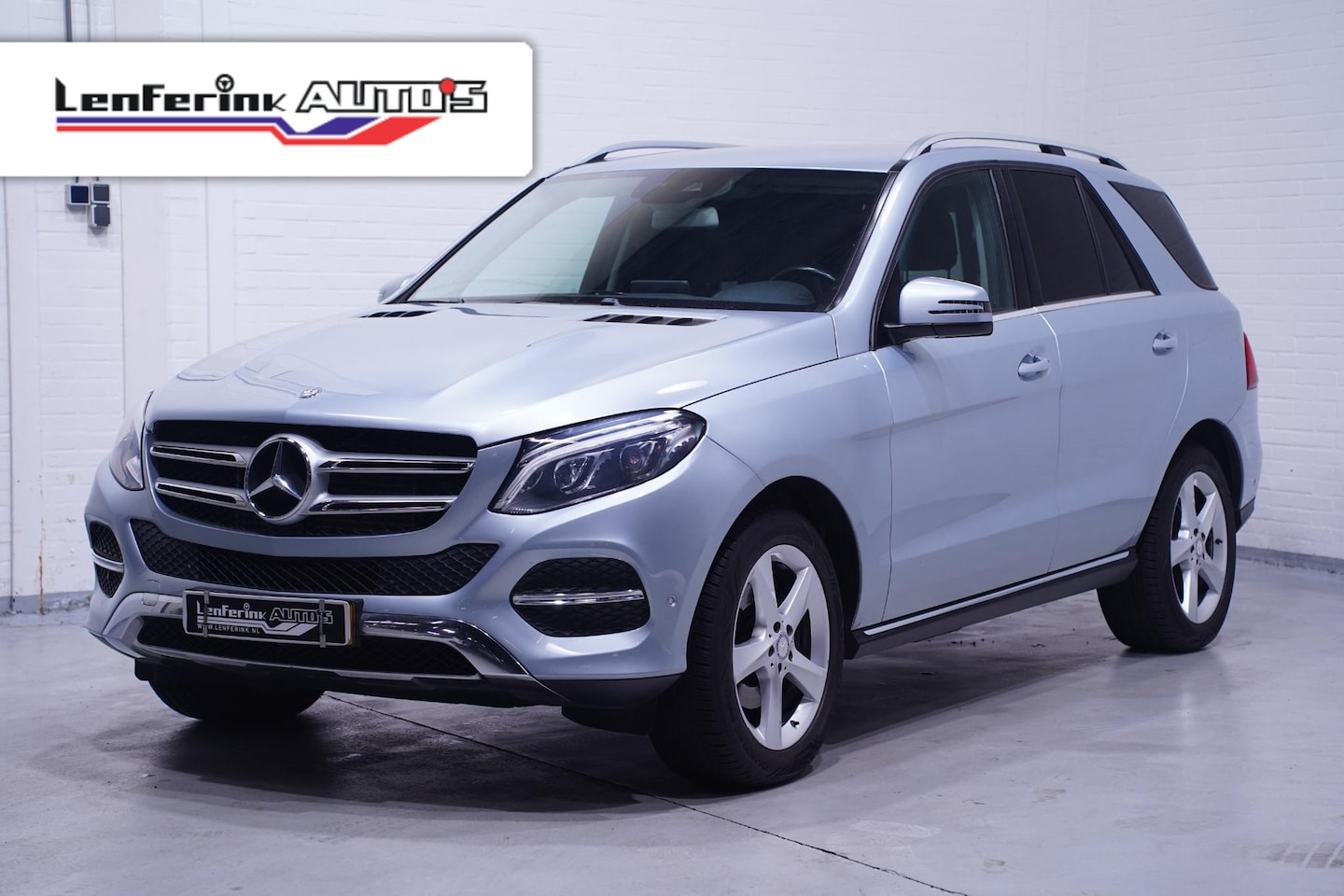 Mercedes-Benz GLE-Klasse - 350d 4 Matic Grijs Kenteken 2-Zits Navi, Camera Trekhaak Wegklapbaar 3.500 kg, Leder Zwart - AutoWereld.nl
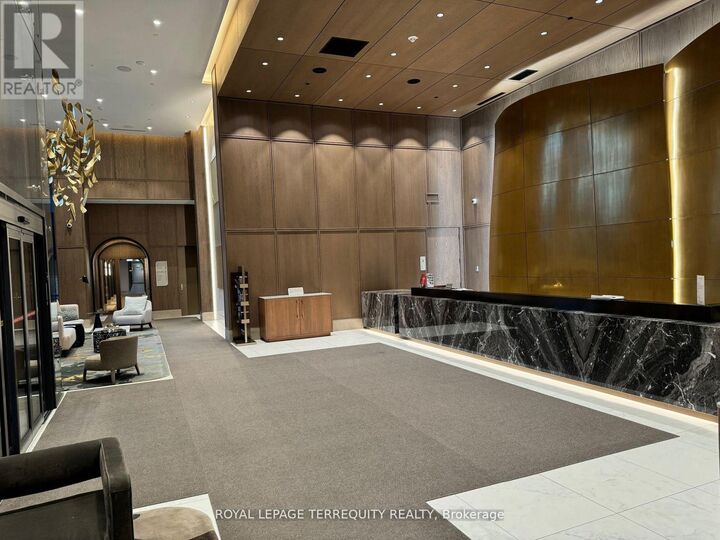 Property Photo: 30 Inn On The Park Drive 2611 ON M3C 0P7
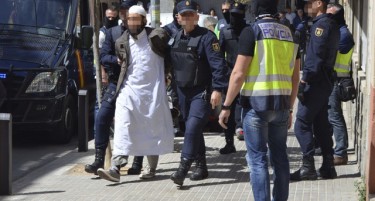 Шпанија во голема акција за апсење на терористи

Task details: Restate word for word the lines above that start at the line containing "Property Photo: 30" and run to the end of the listing; exclude the pictures.

Result for this exercise:
 Property Photo: 30 Inn On The Park Drive 2611 ON M3C 0P7
 Шпанија во голема акција за апсење на терористи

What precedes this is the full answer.